What the task requires:
Scan the data, and whenever a line contains "Casa", copy it.

Stored entries
== == ==

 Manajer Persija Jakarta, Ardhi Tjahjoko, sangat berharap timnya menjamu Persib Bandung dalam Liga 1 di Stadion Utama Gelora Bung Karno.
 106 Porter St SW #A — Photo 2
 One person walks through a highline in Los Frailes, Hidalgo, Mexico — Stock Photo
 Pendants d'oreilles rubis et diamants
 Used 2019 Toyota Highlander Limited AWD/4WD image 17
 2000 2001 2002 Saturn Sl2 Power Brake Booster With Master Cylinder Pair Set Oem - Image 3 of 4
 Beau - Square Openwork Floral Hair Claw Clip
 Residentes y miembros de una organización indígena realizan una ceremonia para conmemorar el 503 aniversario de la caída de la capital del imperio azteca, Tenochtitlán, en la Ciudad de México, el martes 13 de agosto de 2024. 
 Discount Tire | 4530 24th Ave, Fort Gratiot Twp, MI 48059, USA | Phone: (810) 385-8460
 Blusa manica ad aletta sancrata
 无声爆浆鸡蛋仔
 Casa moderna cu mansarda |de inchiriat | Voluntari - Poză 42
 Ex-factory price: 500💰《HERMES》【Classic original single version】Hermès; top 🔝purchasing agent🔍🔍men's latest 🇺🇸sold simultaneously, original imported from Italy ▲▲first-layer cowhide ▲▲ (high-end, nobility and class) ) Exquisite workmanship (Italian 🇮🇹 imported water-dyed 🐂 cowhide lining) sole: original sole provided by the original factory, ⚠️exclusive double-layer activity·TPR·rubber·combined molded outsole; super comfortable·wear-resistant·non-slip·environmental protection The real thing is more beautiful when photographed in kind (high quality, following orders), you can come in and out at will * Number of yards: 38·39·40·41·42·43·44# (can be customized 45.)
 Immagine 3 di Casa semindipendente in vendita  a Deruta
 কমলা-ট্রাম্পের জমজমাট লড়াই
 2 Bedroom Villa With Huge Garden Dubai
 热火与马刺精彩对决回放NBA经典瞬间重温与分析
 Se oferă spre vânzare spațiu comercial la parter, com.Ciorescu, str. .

== == ==

Solution to the problem:
 Casa moderna cu mansarda |de inchiriat | Voluntari - Poză 42
 Immagine 3 di Casa semindipendente in vendita  a Deruta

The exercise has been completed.